Discover Kills 'Disposable' Credit Card Numbers


NEW YORK (MainStreet) – Ever hear of "single use" credit cards? Also known as disposable or virtual cards, these credit cards act as a secure alias for your real credit card number.

The idea behind them is fairly simple: You log onto your credit card account, sign up for a virtual card number, and you’re given a new account number that allows you to shop online without using your actual credit card number. In most cases, the number can only be used once, and you can apply for another temporary number to make your next purchase.

If an online fraudster tries to hack into your credit card account, good luck to him – he’ll only get the temporary number, not your real one. Consumers also use temporary card numbers for those ubiquitous “automatic enrollment” purchases (like for magazines or gym memberships) where money is withdrawn from your bank account each month. Expiration dates, chosen by the cardholder, thwart a company from charging your credit card if you don’t want the service anymore.

Big financial firms like Bank of America (Stock Quote: BAC), and Citibank (Stock Quote: C) offer the service and, up to this week, Discover (Stock Quote: DFS) offered a disposable credit card program, too. But now it looks like Discover has pulled the rug out from under its temporary card number program.

According to the Consumerist blog, Discover sent an email to notify customers that it would end its “Secure Online Account Number” program on September 8, citing existing security features of Discover credit cards.

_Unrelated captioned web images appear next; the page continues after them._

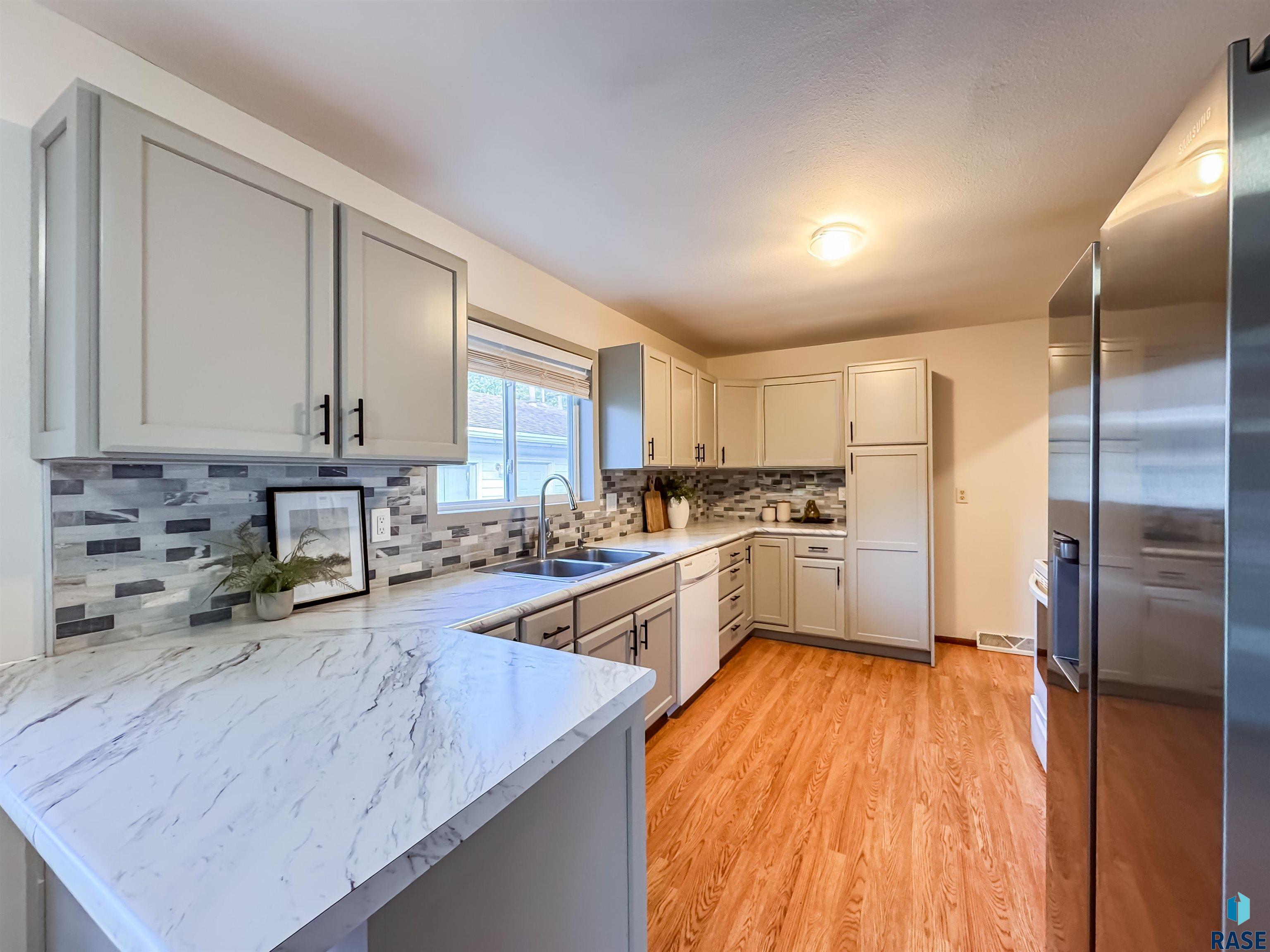 3301 S Terry Ave Avenue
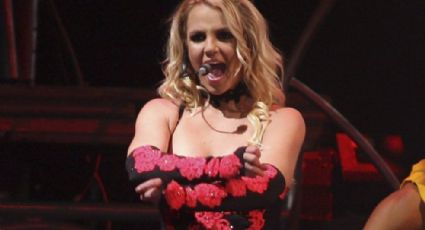En un momento de aburrimiento… Britney Spears presume el ¡cabello morado y un mini vestido!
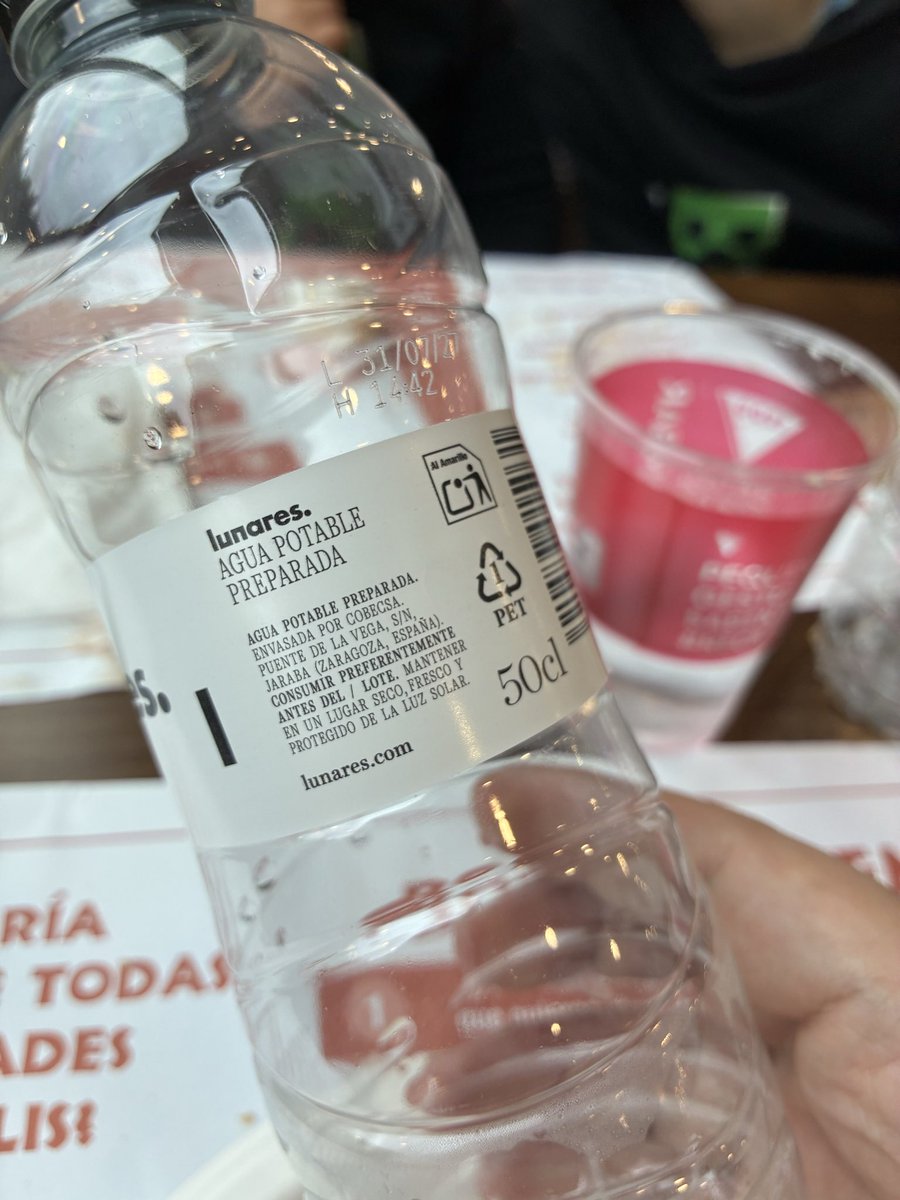 Destino_Sabor's tweet image. Me encanta ver que en @DinopolisTeruel apuestan por los productos de la tierra!
Hasta el agua de los menú procede de #Aragón.
Hasta en los pequeños detalles se nota el compromiso con el territorio.
#Dinosaurios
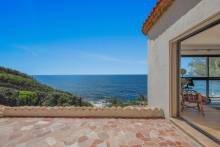 Maison exceptionnelle les pieds dans l'eau à Carqueiranne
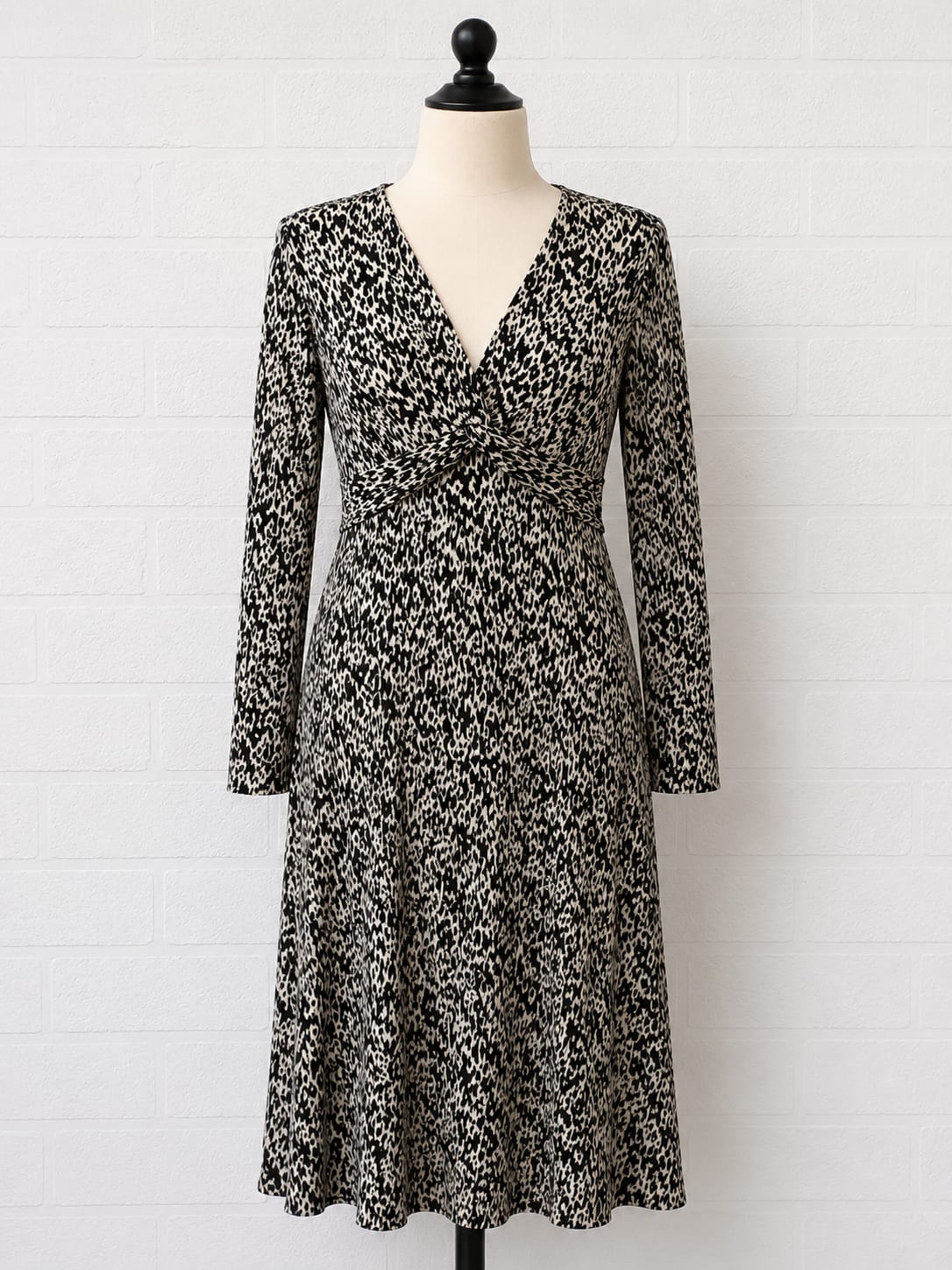 Women's Dress F&F Black & White Leopard Print Twist Front Size 12 Approx. 19" PTP - Very Good Condition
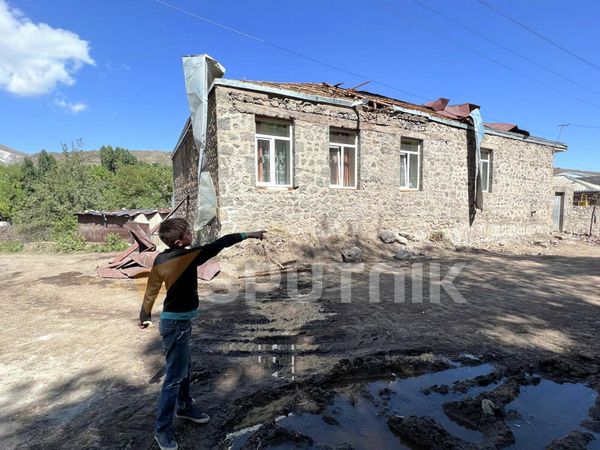 В результате начавшейся азербайджанской агрессии пострадали мирные жители - Sputnik Армения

“In light of these increased security measures we will be discontinuing the Secure Online Account Numbers program effective September 8, 2011,” the company’s email reads. “Please remember, you're always protected whenever you use your card with $0 Fraud Liability, so use your card with confidence, as you're *never* liable for unauthorized purchases - online, offline, anytime, anywhere. Again, thank you for your continued loyalty.”

Discover hasn’t explained specifically why its disposable card number service has been deep-sixed, but it could be that the company decided it wasn’t really a revenue generator, and that it would be cheaper to simply cover any unauthorized purchases via its regular liability program.

No matter what, Discover is getting out of the disposable card number market. The big question now is, will other credit card companies follow suit?